Could mortgages really be the new PPI?
As of September 2019, £37.2billion has been paid out in successful mis-sold PPI claims according to the FCA, earning CMCs and law firms who packaged together large numbers of claims a hefty chunk of commission in the process.
But since the deadline for new claims at the end of last August, those businesses have had to look elsewhere to earn their keep.
On 1 April 2019, when the FCA took over regulation of CMCs, they were all required to re-apply for authorisation and submit business plans showing which areas they intended to operate in over the next few years.
While the FCA unfortunately was not able to share any data on this, and said it specifically couldn’t comment on whether CMCs were looking at mortgage claims, it would be a fair assumption that CMCs and no win no fee law firms had their eyes on this area.
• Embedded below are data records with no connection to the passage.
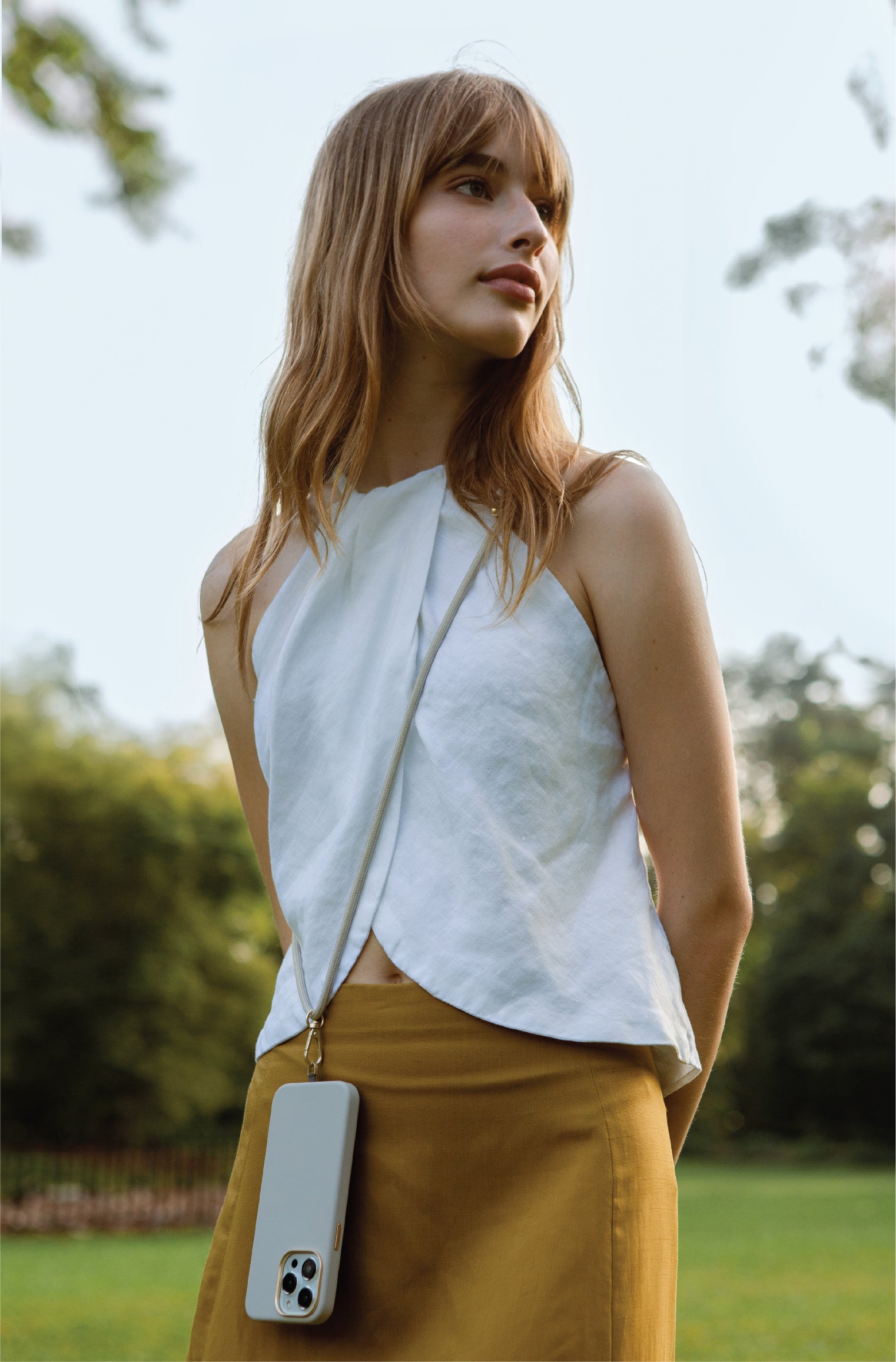 Woman with white top and brown skirt using strap phone case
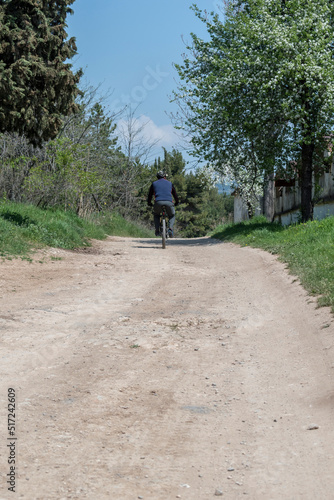 Wallpaper Mural A man riding a bicycle on the driveway in the park. Torontodigital.ca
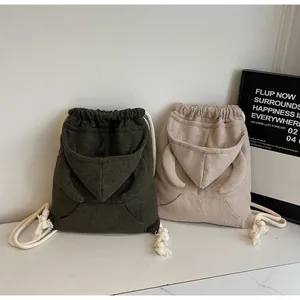 Detail of waffle knit texture and creative hoodie design on casual drawstring backpacks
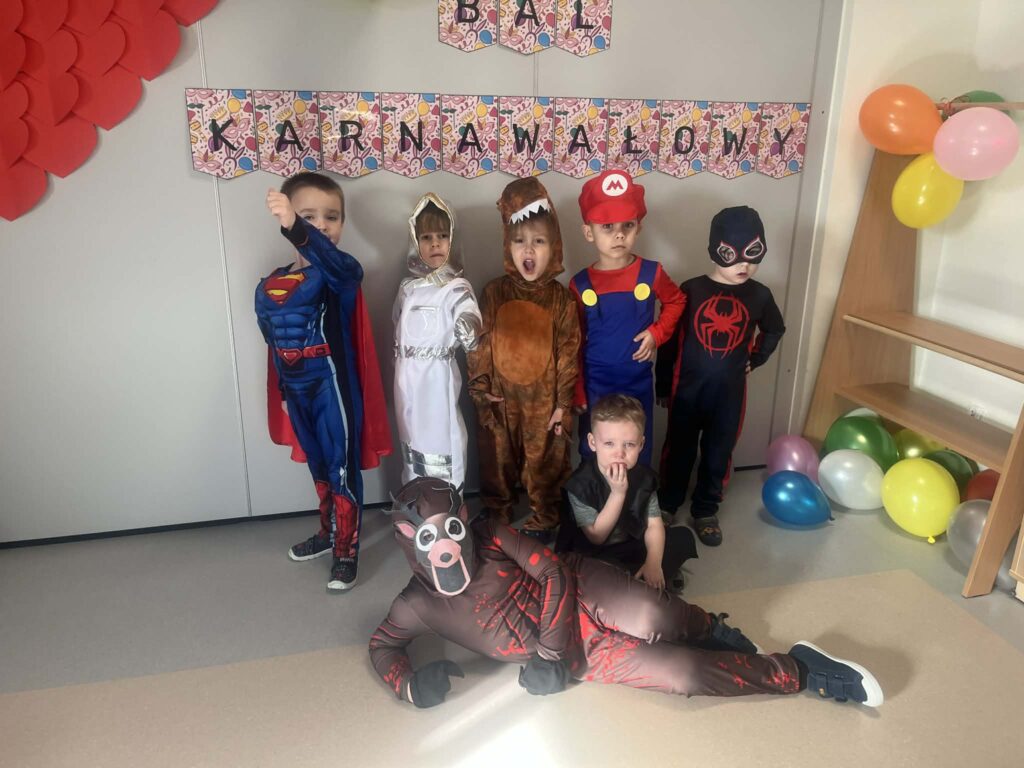 chłopcy stoją przy napisie bal karnawałowy, są przebrani w stroje karnawałowe: superman, kosmonauta, dinozaur, mario, spiderman, policjant i jeleń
The latest UK Finance figures found at the end of 2018 there were around 1.12million interest-only mortgages outstanding, though of course not all of these will have been mis-sold.
When it comes to official complaints data, it is slightly tricky to work out how many claims relate to interest-only mortgages and how many have been brought by CMCs, but it is clear the deluge of complaints banks received about PPI has not yet been replicated.
According to the most recent figures from the FOS, it received 9,909 mortgage complaints between April and December 2019, 5,827 of which were new.
It received 10,071 new complaints on the subject between April 2018 and March 2019.
By comparison, the ombudsman received 41,500 new complaints about PPI in the last three months of 2019 alone, and has now received more than 2million complaints about mis-sold insurance.
Meanwhile, the FSCS, which would pay out to complainants with valid claims if their mortgage adviser has gone bust, dealt with 270 interest-only mortgage cases between April and December last year.
Of those which it had completed, it rejected 147 and paid out in 85.
The most you can receive from the FSCS is £85,000.
This is certainly a slow start, and CMCs are also likely to be keeping an eye on payday loans, pensions and other potential mis-selling in the search for the new PPI, while interest-only mortgages are a far smaller pond to be fishing in anyway.
But, given that PPI payouts trebled to £6.2billion between 2011 and 2012, a slow start does not necessarily mean the topic won’t later catch fire.
And, at the very least, with claims firms on the hunt for their next payday, I doubt I’ll be the only one receiving emails inviting me to make a ‘free’ application in the hope of ‘free’ cash.